Last week I attended Surry Central’s graduation.
Over the past 22+ years as a journalist I have covered a number of graduations either as the reporter or the photographer. Which means I’ve sat through a whole lot of speeches in my time.
Unfortunately, my own high school graduation is one where I didn’t get to hear the speeches — at least not most of them.
The North Surry Class of 1989 held its ceremony on the football field where it had rained earlier in the day. Perhaps the moisture was to blame, perhaps it was just old or faulty wiring, but the microphone started cutting in and out during the ceremony.
It was really upsetting because a good friend was giving one of those speeches, but I couldn’t make out half of what Kim was saying.

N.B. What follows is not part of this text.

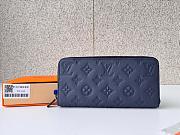 LV Navy wallet  - 3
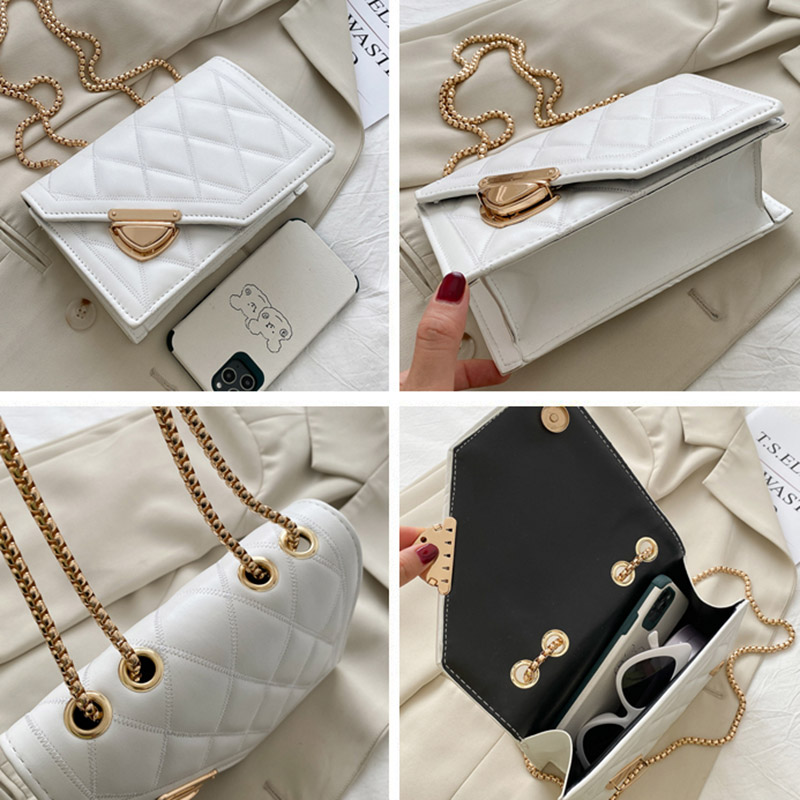 Túi xách IELGY da đeo chéo thời trang xinh xắn dành cho nữ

When it came time to hand out diplomas, the skies were dark and threatening. I got my piece of paper, but somewhere around the R’s or S’s, the heavens opened and buckets of water fell.
We quickly decided it wasn’t worth it to stand in water to stand on ceremony and made a run for the nearest open buildings.
It’s crazy, but there are people I was very close with in high school that ran off in some direction and I didn’t see where. And I never saw them again. Never. Some went off to college. Some went to work. I went to Fort Benning, Georgia. How could you spend so much time together over four years (or six years back to Gentry) and then people just disappear from your life? It can happen. It will happen to many of these new graduates.
That’s just one of many harsh truths I would share with seniors — if I wanted to give the biggest downer of a speech in graduation history — your friends won’t be your friends much longer, at least not all of them. Better learn to make new ones.
Another harsh truth: you learn to make friends in school. You have to, especially when you move from a small elementary school to a consolidated middle school. To a lesser extent you may do that every year because you might not have a class with your best friends, or you might get separated and have to sit on opposite sides of the room (that sounds familiar).
But, making friends is a skill. And like any other skill, if you don’t use it, it gets rusty. Five years after school (whether it’s high school or college) making new friends will seem harder than it used to be. In 20 years, many folks would rather stay in and watch TV every night than fumble their way through trying to make a friend. Try to keep that skill sharp over the years.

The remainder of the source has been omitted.